[Entries taken from a collection]
※ ※ ※

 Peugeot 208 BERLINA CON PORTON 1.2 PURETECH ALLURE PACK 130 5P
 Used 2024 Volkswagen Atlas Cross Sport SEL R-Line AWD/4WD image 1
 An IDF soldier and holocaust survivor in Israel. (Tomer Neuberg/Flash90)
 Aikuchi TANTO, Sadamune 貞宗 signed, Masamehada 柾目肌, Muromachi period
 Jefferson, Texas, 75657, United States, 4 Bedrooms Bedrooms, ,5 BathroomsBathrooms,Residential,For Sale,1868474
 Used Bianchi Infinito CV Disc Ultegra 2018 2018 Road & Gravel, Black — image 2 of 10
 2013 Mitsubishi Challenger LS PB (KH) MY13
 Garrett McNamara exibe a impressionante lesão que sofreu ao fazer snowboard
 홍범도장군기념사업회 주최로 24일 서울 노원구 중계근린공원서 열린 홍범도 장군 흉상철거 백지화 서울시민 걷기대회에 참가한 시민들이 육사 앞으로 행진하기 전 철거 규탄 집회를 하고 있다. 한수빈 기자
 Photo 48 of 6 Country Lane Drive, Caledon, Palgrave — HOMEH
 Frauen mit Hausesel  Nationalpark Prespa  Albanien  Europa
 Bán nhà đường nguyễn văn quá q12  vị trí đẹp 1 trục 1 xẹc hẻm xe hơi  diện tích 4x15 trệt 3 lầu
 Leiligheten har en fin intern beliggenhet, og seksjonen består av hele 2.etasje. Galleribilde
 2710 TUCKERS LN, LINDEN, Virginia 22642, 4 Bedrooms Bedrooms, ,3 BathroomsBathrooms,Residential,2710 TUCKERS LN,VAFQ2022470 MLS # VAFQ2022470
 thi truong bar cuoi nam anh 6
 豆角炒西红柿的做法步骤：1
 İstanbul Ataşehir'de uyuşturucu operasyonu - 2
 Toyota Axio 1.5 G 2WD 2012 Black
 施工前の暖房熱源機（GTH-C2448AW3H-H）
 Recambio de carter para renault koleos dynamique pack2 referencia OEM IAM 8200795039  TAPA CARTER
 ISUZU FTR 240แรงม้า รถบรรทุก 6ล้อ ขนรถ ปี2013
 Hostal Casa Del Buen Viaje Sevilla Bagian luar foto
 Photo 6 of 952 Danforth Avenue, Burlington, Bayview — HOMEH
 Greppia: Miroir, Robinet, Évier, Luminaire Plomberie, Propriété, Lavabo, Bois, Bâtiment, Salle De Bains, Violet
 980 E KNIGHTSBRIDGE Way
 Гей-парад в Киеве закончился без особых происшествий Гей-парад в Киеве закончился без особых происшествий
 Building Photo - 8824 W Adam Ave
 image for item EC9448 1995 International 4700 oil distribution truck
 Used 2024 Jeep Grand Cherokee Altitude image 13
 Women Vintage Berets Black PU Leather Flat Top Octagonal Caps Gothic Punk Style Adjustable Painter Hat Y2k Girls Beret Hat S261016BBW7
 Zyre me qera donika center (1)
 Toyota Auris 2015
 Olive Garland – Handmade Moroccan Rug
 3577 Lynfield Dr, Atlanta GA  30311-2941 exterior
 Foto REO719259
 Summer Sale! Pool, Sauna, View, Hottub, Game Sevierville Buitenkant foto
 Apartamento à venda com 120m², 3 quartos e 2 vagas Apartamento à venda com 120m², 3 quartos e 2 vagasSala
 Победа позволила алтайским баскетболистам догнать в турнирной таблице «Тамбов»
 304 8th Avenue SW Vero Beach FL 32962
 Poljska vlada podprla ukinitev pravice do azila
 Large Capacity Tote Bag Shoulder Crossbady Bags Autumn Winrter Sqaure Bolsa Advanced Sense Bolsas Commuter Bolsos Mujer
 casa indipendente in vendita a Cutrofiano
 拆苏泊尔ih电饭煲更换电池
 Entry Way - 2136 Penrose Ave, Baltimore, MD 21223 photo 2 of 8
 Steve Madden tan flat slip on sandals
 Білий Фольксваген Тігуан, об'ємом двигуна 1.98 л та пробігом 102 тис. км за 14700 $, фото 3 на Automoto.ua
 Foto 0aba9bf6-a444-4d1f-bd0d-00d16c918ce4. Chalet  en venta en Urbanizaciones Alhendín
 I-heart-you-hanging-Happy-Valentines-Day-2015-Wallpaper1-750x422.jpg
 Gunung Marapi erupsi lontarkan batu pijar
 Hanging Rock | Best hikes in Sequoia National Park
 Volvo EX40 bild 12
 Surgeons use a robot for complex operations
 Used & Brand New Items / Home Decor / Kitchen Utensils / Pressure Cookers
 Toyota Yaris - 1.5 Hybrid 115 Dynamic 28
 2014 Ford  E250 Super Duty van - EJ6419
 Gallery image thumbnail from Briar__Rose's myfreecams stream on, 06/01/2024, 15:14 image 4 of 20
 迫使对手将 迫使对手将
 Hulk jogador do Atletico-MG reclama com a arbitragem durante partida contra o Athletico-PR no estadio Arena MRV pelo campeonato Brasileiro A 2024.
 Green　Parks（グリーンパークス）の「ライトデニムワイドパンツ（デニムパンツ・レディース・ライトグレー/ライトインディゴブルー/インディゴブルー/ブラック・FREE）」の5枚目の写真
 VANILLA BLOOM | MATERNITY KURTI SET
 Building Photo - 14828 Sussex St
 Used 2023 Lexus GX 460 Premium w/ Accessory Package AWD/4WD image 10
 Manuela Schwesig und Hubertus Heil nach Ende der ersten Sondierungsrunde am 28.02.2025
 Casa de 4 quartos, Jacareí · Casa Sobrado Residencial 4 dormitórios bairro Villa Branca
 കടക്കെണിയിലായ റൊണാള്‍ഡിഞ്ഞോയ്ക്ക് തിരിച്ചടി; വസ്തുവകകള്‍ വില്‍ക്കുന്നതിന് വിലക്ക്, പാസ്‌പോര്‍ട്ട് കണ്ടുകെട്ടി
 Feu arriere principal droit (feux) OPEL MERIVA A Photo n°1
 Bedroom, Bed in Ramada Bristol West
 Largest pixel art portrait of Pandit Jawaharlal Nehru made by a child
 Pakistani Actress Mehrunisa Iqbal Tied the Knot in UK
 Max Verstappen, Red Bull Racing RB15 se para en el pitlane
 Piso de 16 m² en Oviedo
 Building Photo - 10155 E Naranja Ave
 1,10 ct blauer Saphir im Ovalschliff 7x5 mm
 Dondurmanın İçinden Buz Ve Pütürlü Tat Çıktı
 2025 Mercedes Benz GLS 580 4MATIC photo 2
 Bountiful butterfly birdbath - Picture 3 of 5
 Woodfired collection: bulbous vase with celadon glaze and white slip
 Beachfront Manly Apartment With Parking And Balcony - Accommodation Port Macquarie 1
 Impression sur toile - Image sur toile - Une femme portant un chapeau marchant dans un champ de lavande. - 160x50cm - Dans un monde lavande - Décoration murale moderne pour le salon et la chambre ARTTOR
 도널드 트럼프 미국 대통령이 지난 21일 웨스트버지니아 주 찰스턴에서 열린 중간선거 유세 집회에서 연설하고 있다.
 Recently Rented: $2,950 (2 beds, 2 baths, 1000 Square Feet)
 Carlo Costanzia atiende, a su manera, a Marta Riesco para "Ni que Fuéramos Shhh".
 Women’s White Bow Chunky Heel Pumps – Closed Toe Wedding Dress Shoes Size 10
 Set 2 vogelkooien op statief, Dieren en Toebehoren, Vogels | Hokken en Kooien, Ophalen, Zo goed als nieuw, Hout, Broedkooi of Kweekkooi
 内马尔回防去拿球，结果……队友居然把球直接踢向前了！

※ ※ ※

#### [Your goal]
Each line in the entries above, starting at the line with "Foto REO719259" and ending at the line with "Steve Madden tan flat slip on sandals", is to be printed exactly, and only those lines.

#### [Final answer]
 Foto REO719259
 Summer Sale! Pool, Sauna, View, Hottub, Game Sevierville Buitenkant foto
 Apartamento à venda com 120m², 3 quartos e 2 vagas Apartamento à venda com 120m², 3 quartos e 2 vagasSala
 Победа позволила алтайским баскетболистам догнать в турнирной таблице «Тамбов»
 304 8th Avenue SW Vero Beach FL 32962
 Poljska vlada podprla ukinitev pravice do azila
 Large Capacity Tote Bag Shoulder Crossbady Bags Autumn Winrter Sqaure Bolsa Advanced Sense Bolsas Commuter Bolsos Mujer
 casa indipendente in vendita a Cutrofiano
 拆苏泊尔ih电饭煲更换电池
 Entry Way - 2136 Penrose Ave, Baltimore, MD 21223 photo 2 of 8
 Steve Madden tan flat slip on sandals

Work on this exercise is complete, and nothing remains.